DATA PROVIDED →
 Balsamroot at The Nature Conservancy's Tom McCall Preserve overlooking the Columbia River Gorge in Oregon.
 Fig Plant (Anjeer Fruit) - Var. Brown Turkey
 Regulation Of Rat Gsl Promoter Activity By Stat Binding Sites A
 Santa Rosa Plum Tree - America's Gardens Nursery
==
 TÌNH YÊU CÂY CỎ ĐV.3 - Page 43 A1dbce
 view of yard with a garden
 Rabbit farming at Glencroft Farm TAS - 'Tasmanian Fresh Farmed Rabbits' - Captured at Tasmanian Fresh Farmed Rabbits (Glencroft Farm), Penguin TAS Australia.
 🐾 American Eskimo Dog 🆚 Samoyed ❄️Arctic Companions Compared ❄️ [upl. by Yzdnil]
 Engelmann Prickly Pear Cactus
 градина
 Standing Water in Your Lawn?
...
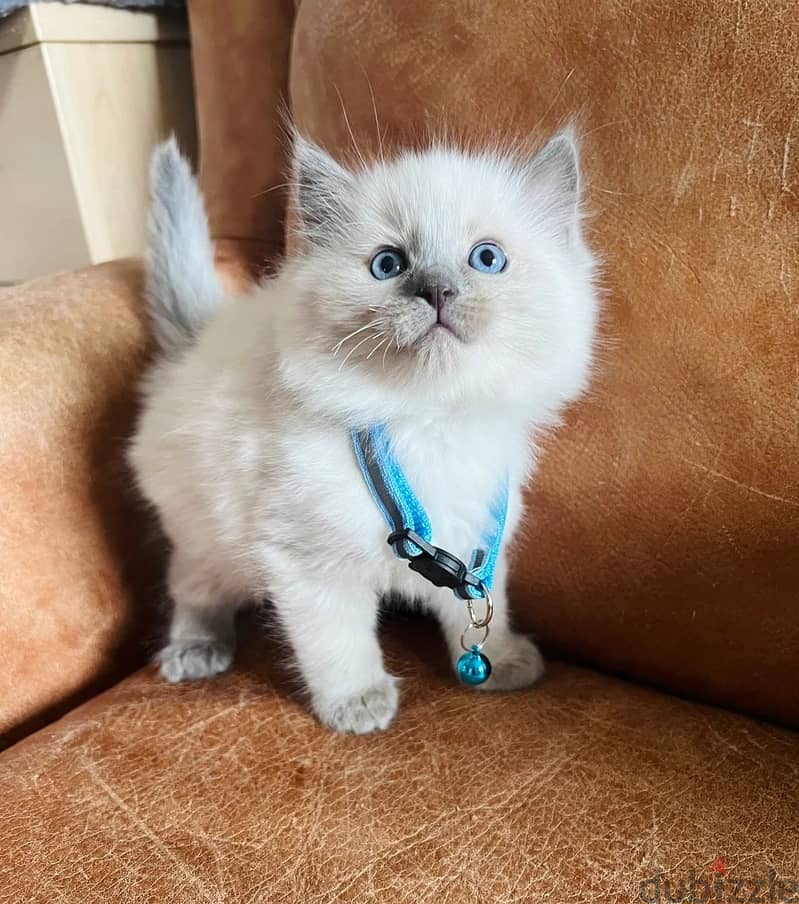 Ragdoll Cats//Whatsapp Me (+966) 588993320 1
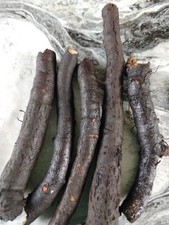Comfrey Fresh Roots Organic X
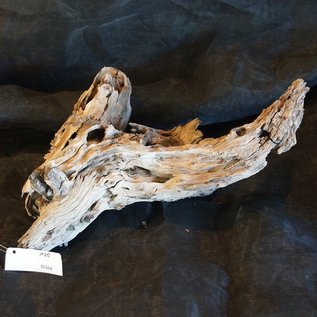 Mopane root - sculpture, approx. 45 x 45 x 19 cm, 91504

WHAT YOU NEED TO DO →
Return a word-for-word copy of the lines above from the one holding "Regulation Of Rat" through the one holding "Santa Rosa Plum", with both of them included and nothing besides.

SOLUTION TO THIS PROBLEM →
 Regulation Of Rat Gsl Promoter Activity By Stat Binding Sites A
 Santa Rosa Plum Tree - America's Gardens Nursery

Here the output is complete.